## The task
Transcription, pictures excluded: write out the data below exactly.

Entries supplied Start Marker

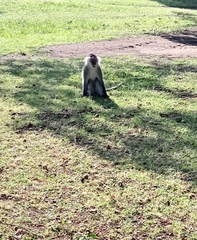 Chlorocebus aethiops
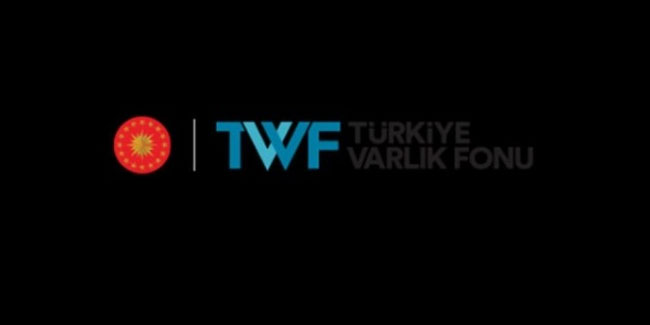  Türkiye Varlık Fonu'nu yabancı şirket denetleyecek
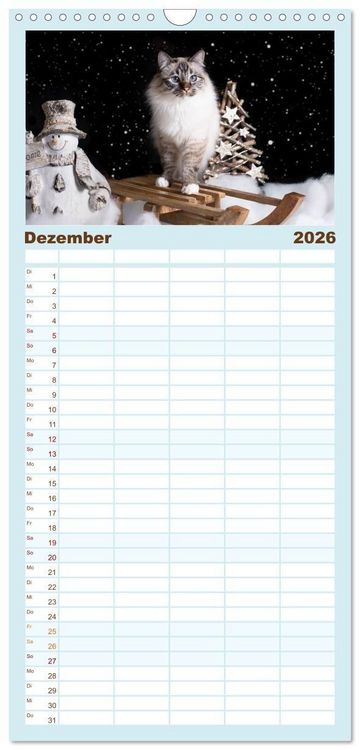Produktbild: Familienplaner 2026 - Heilige Birma Katzen - Eine Rasse mit traumhaft blauen Augen. mit 5 Spalten (Wandkalender, 21 x 45 cm) CALVENDO
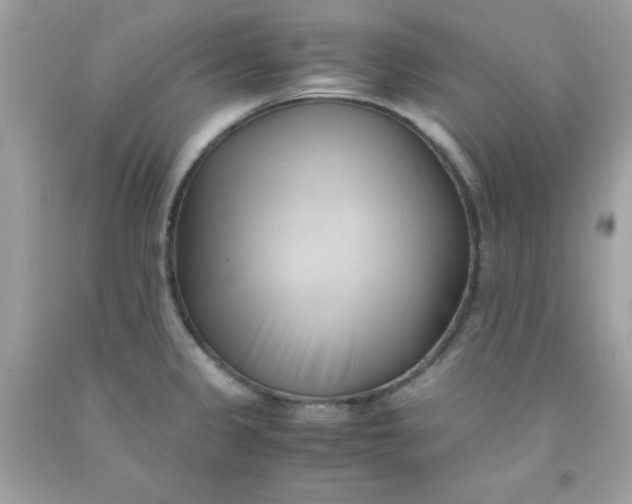 X0000091571333200709051030
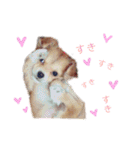 愛犬ビビちゃん（個別スタンプ：22）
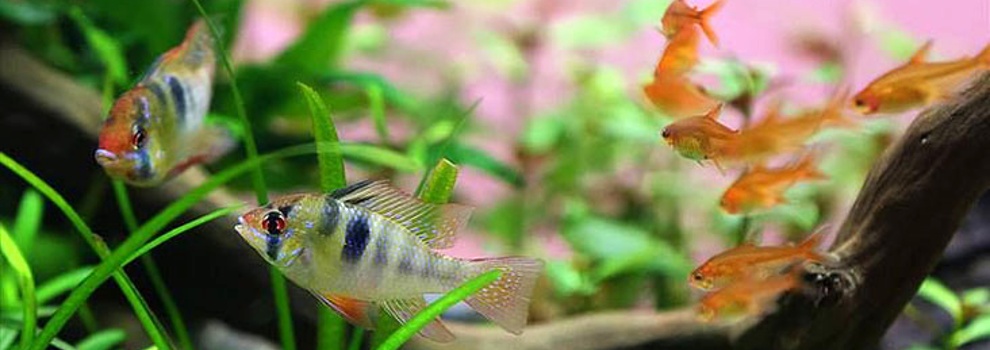 Best place to buy best sale aquarium fish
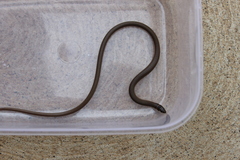 Delma tincta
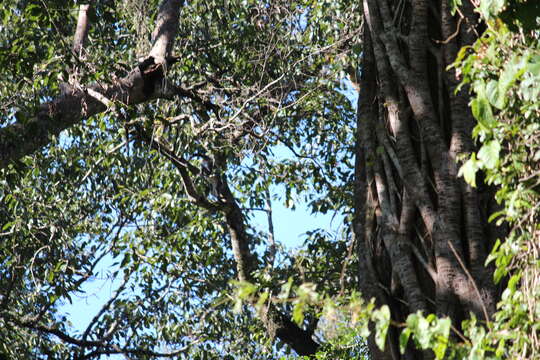 Image of Bonneted Langur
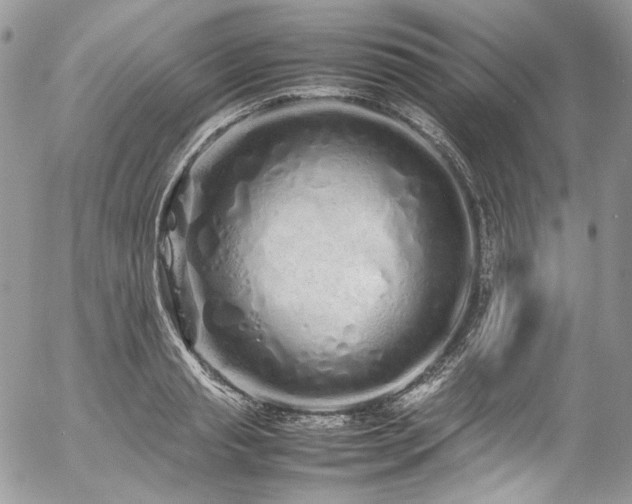 X0000054370845200507291045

Entries supplied End Marker

## Worked solution
 Chlorocebus aethiops
  Türkiye Varlık Fonu'nu yabancı şirket denetleyecek
Produktbild: Familienplaner 2026 - Heilige Birma Katzen - Eine Rasse mit traumhaft blauen Augen. mit 5 Spalten (Wandkalender, 21 x 45 cm) CALVENDO
 X0000091571333200709051030
 愛犬ビビちゃん（個別スタンプ：22）
 Best place to buy best sale aquarium fish
 Delma tincta
 Image of Bonneted Langur
 X0000054370845200507291045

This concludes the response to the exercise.